- Market looking for new equilibrium level for sterling, post-Brexit
- Mean reversion increasingly coming into play
- Don't get carried away by Chinese Q2 GDP print
- Unconvincing AUDUSD rally creates technical setup for downside move
Chinese workers get to work on a building in the northeast city of Haerbin, but is it a glut of government spending that is fuelling activity and keeping GDP sustained? Photo: Martin O'Rourke
By John J Hardy
EURUSD is caught in one of its tightest ranges in recent memory, despite the unresolved banking crisis in the European Union area and existential questions raised by the Brexit. And the action in AUDUSD and USDCAD is listless and lacking conviction, even as AUDUSD continues to poke at its highest level in more than two months.
The only themes going at the moment are the market trying to feel out a new equilibrium level for sterling after the Brexit shock and JPY traders trying to assess the timing of the inevitable next move.
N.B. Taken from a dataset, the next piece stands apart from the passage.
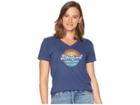 Life Is Good Beachy Lig Crusher Vee (darkest Blue) Women's T Shirt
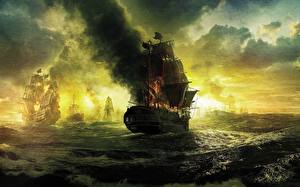 Bakgrundsbilder på skrivbordet Pirates of the Caribbean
Our instinct, given general signs is that the market defaults to mean reversion, with GBPUSD turning back from the 1.3400-1.3500 zone and the JPY crosses topping out here before further damage is done to the downtrend.
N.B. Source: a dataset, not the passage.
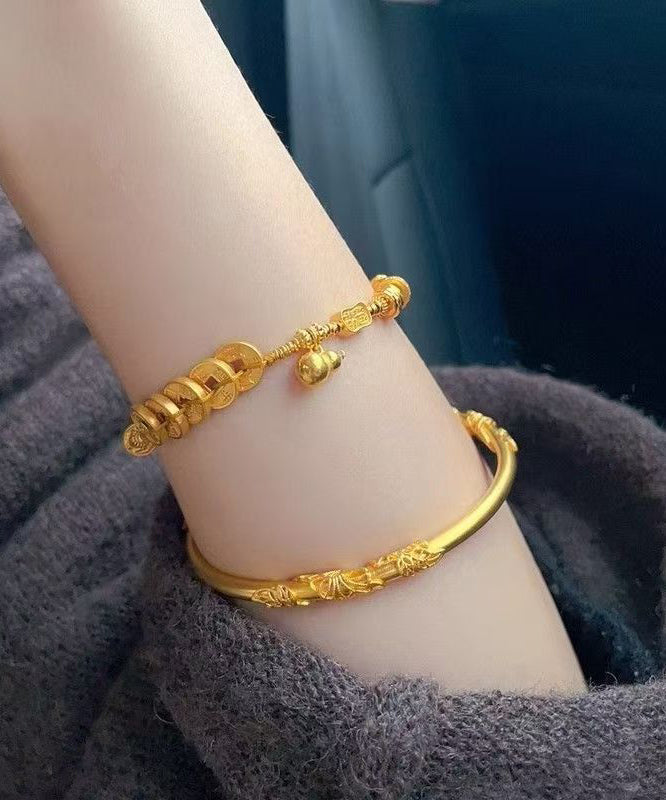 Stylish Gold Sterling Silver Overgild Money Pit Charm Bracelet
On the sidelines, the kiwi continues to provide interest after the RBNZ announcement that it would make an “economic assessment” on July 21, just a few days after the Q2. As we discussed in yesterday’s FX Board
, this is finally looking like a trend change in the key NZD pairs, NZDUSD and AUDNZD.
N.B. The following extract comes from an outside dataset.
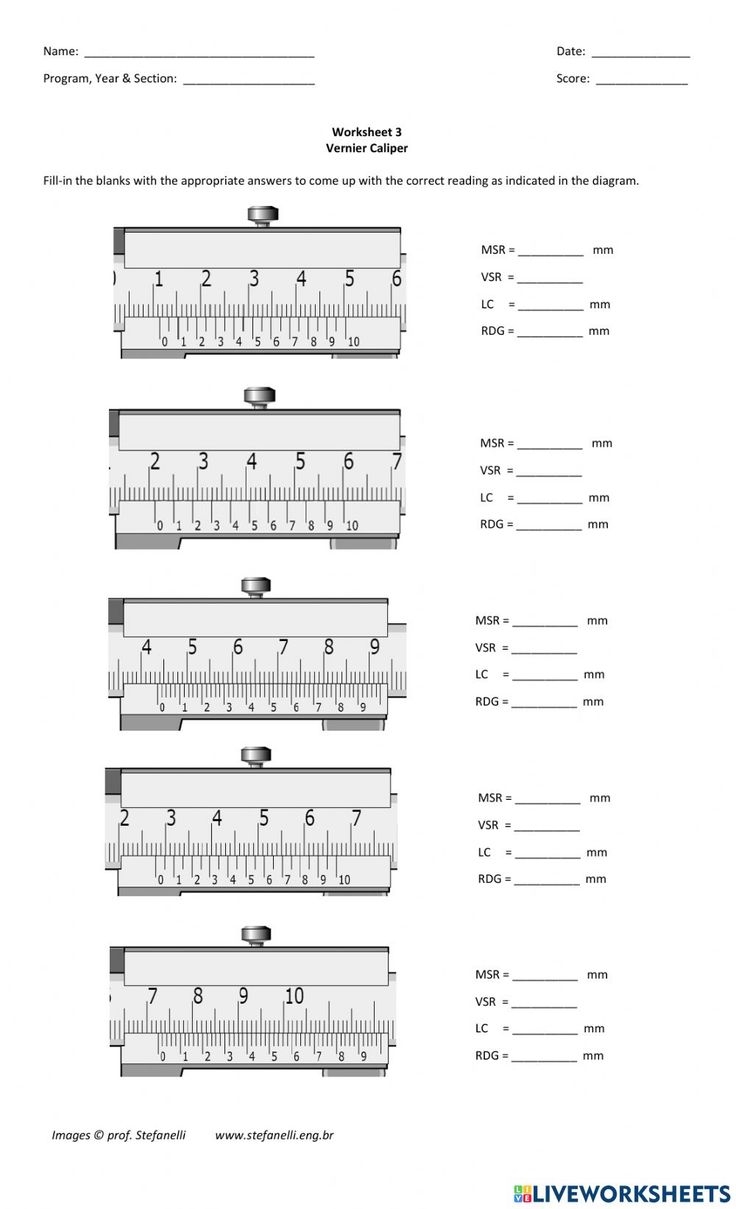 practice micrometer reading worksheet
Chinese growth data overnight was spun as positive, but a WSJ article headline said it all: “Massive Stimulus Keeps China GDP Steady in Second Quarter”.
In fact, government fiscal outlays expanded 20% year-on-year, a level that is entirely unsustainable and, together with massive expansion in credit into the economy (total social financing grew a much bigger than expected CNY 1.63 trillion in June, or about $250 billion or approximately 5% of Chinese GDP in a single month) continues to feed the pressure on the currency – not that China will lose its grip or accelerate its devaluation.
Today, we have a raft of US data, with relative heavyweights like the June Retail Sales and June CPI on tap, but we also have a market that seems unable to react to US data points for now as the Federal Reserve outlook remains more or less frozen.
Still, if we get a sufficiently strong surprise to the upside on both Retail Sales and CPI today, the sceptics might have to capitulate and buy some dollars. Otherwise, markets seem a bit adrift, and general risk appetite may increasingly set the tone after the S&P 500 hit fresh all-time highs recently, just ahead of earnings season, and either needs to follow through higher or meet rejection after this technical break.
AUDUSD eked out new marginal highs overnight in reaction to the Chinese data releases, but was pushed back lower again.
The rally to new highs since early May has been an ugly one as attempts at the highs have lacked conviction, and it won’t take much for the bears to topple this rally and create a convincing technical setup for further downside. Still, seeing is believing, and the bears may need a helping hand from strong US data and/or weaker risk appetite.
AUDUSD rally since early May lacks conviction
The G-10 rundown – express edition
USD – US data risks today – can market pick up some conviction on the greenback?
EUR – European Central Bank is up next week – the banking crisis needs a political solution more than an ECB solution, although this week has seen the market entirely complacent on this issue. Watching 1.1000 and 1.1200+ for EURUSD direction, which has been lacking, save for the Brexit reaction, since March.
JPY – Is the market too aggressive in predicting helicopter money? It’s coming, but when? JPY crosses at risk of topping out if risk appetite fades as well after a blistering run post-Brexit.
GBP – Overnight pump in GBP is fading quickly, which suggests mean reversion. Preferred instrument for expressing GBP weakness is GBPUSD.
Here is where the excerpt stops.